■ **ABOUT THIS TASK**: Repeat exactly the lines below, from the line containing "Tiny photo for" through the last line, both included. Leave out any pictures.

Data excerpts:
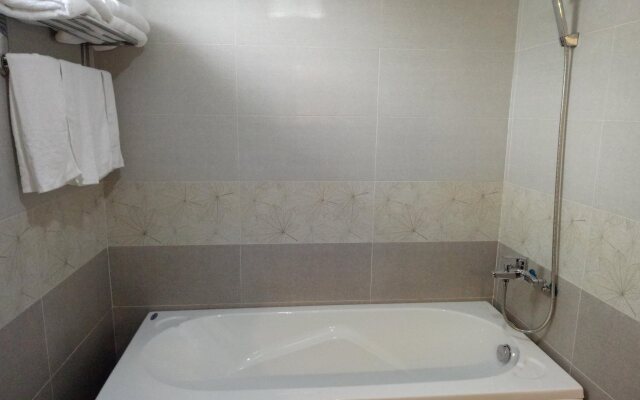 Thai Hoang Gia Hotel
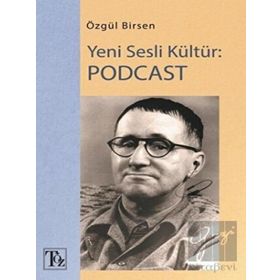 Yeni Sesli Kültür - Podcast - Töz Yayınları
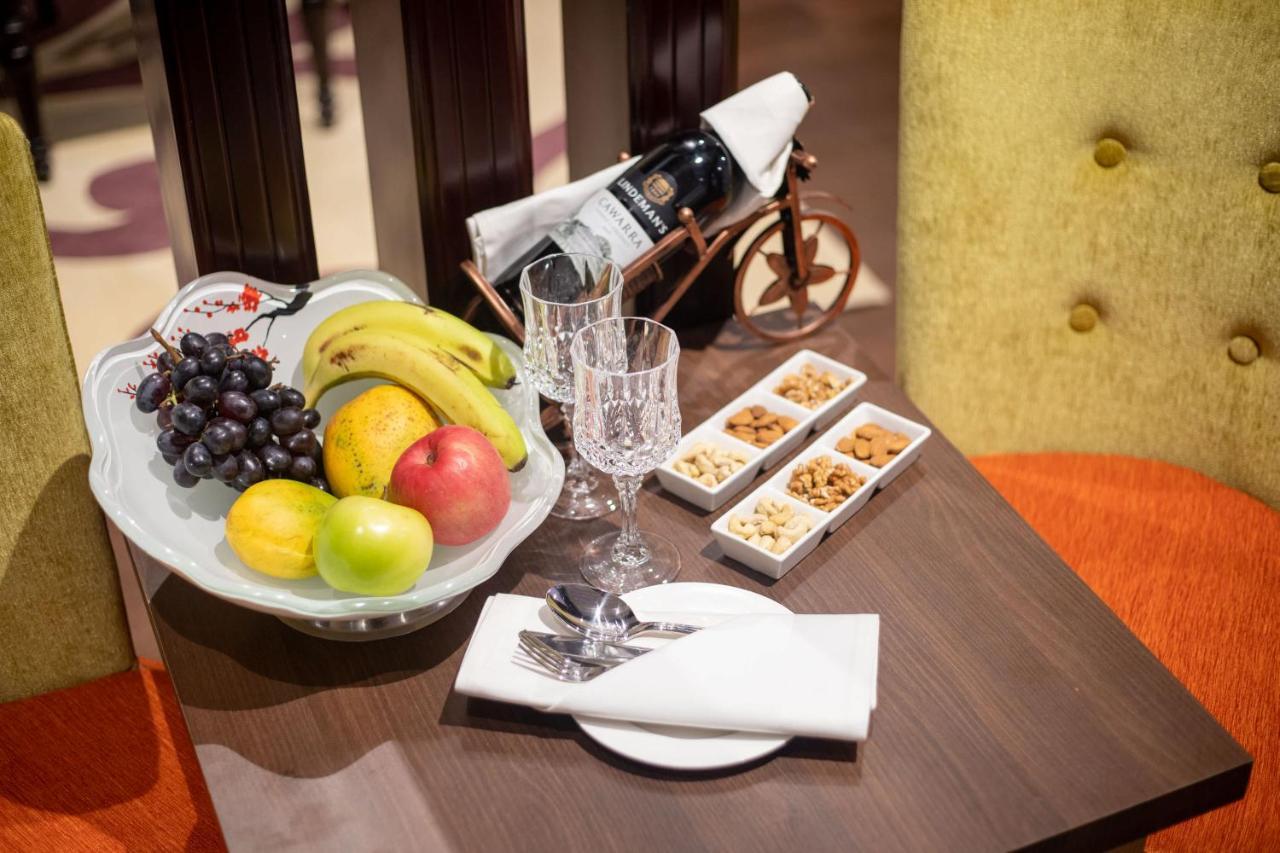 Hotel Pabera Heritage Boutique Kathmandu Luaran gambar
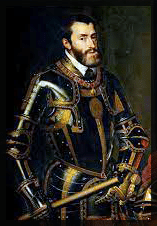 Charles Quint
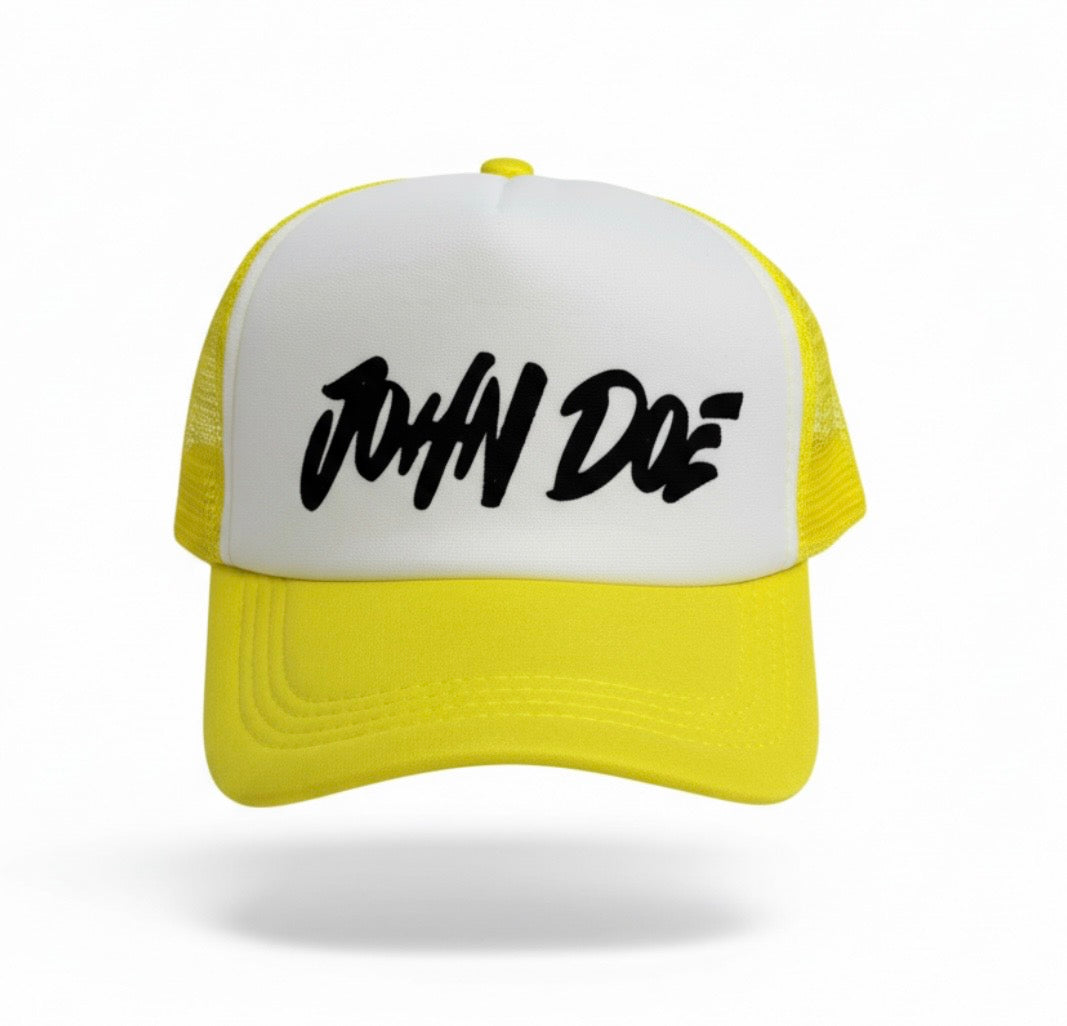 John Doe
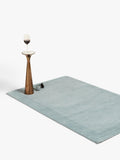 John Lewis Border Wool Hand Loomed Rug, UK version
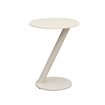 Paros table d&rsquo;appoint 45x45x45cm  -  VEBA  - 585491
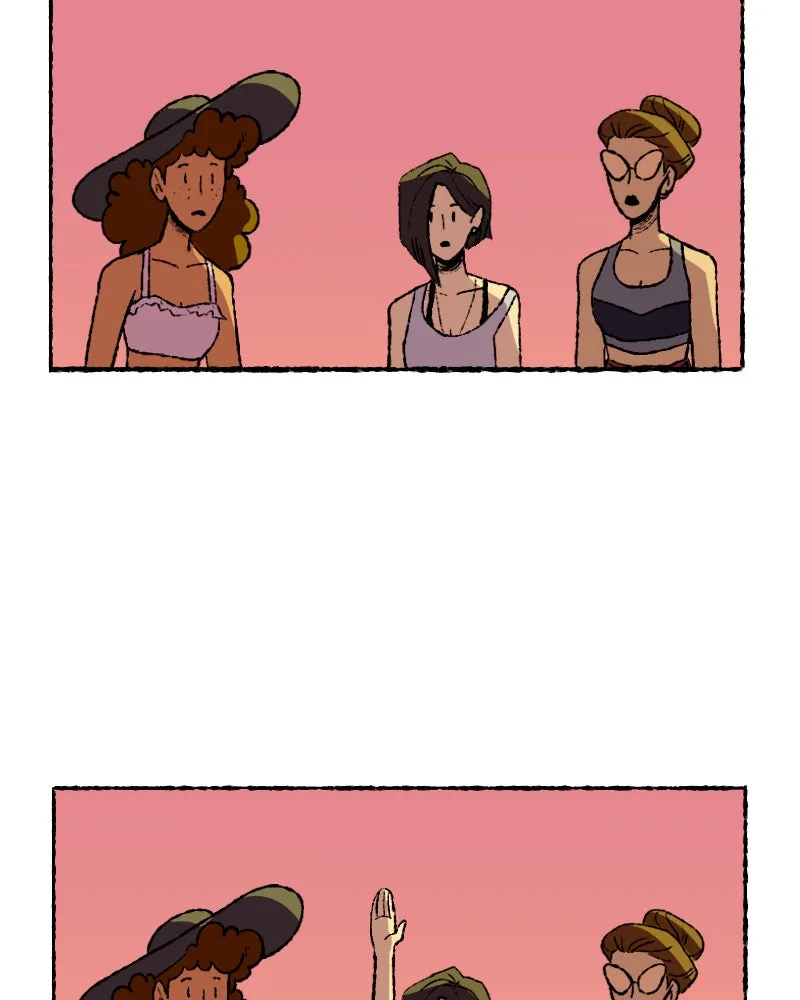 Bad Signs Chapter 50 page 20 - 
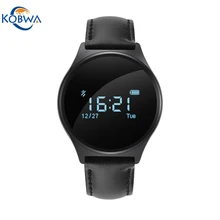 Bluetooth Smart Band сердце кровью Давление зарядка через USB 0.96 дюймов OLED фитнес-Браслет спортивный ремешок для Iphone и Andriod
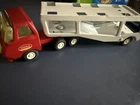 Vintage Tonka Car Carrier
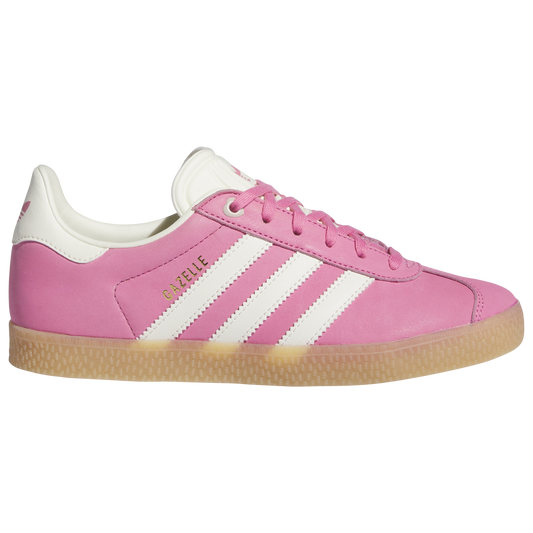Adidas Gazelle Pink - Youth (216-246mm)
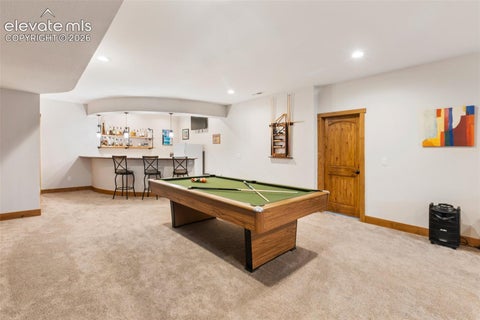 Tiny photo for 180 Wildrose Court, Woodland Park, CO 80863 (MLS # 4528805)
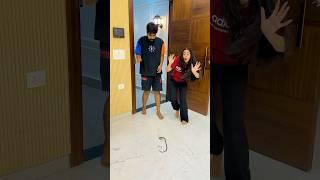 Snake in the house  Real or Fake?  #priyalkukreja #shorts #ytshorts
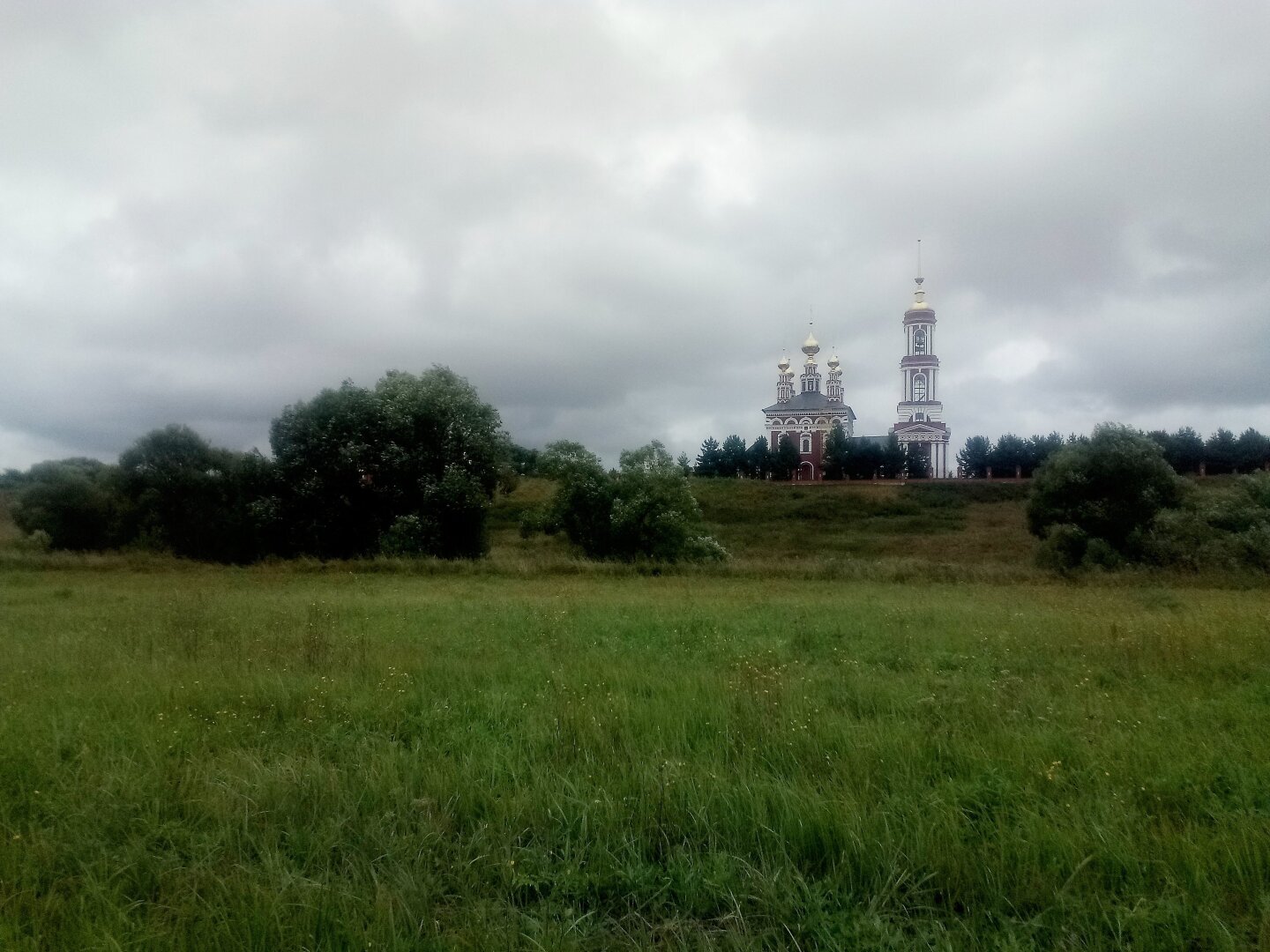Шесть причин побывать в Суздале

■ **RESPONSE FOR THIS EXERCISE**:
 Tiny photo for 180 Wildrose Court, Woodland Park, CO 80863 (MLS # 4528805)
 Snake in the house  Real or Fake?  #priyalkukreja #shorts #ytshorts
Шесть причин побывать в Суздале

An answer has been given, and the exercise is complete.